Storing the post-order ID as described above for each PDG node, especially since it has to be kept throughout the whole compilation process, within the binary as produced by Sambamba, and at runtime, might seem like a significant overhead. Indeed, for exactly that reason, we have implemented Steensgaard’s algorithm at first to recompute and store the relevant ordering only in case it is needed. It turned out however that this particular information is frequently needed throughout the whole process. Additionally, we have been surely willing to trade memory for runtime efficiency. Finally, a unique ID per node is needed anyway for several implementation-related reasons.

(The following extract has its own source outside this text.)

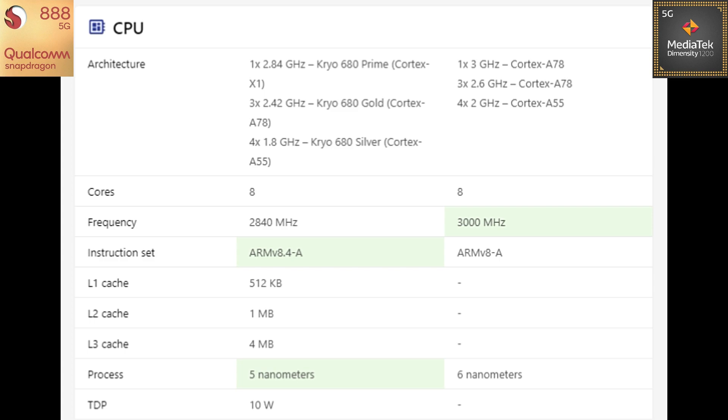Talking about the clock speeds, definitely the Dimensity 1200 is slightly clocked above than the Snapdragon 888 chip at 3 GHz. Talking about other stuff, as you can see the TDP 10W for 888 but there is no information for the Dimensity. But the nanometer, as you can see the Dimensity is at 6 nanometer process here whereas the Snapdragon 888 is on 5 nanometer FinFET process. So there is slight difference here.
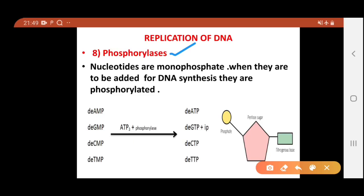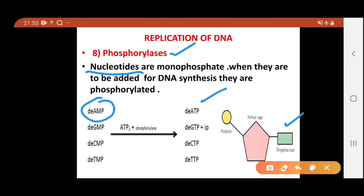Phosphorylases, as the name indicates, add phosphate groups to any molecule. The nucleotides we have are monophosphates, but triphosphates have more energy. Phosphorylases convert monophosphate nucleotides into triphosphates — dATP, dGTP, dCTP, dTTP — so that they get energy. This energy is later used for forming the bonds during complementary strand synthesis.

5.1.2.1 Sequentialization of Parallelized PDGs
So far we talked about sequentializing a PDG with the goal to get the original, sequential, CFG without duplication of code or introducing execution guards. In case the children of a group node are scheduled for parallel execution, however, generating the ParCFG might require duplication of blocks, not only those directly contained in the parallel region, but especially those preceding it. Note that relying on the simple node ordering defined above still results in a minimum of duplicated code. Placing multiple copies of blocks however requires to select among the cloned values for later use by control-flow successors. This is being taken care of during ParCFG generation.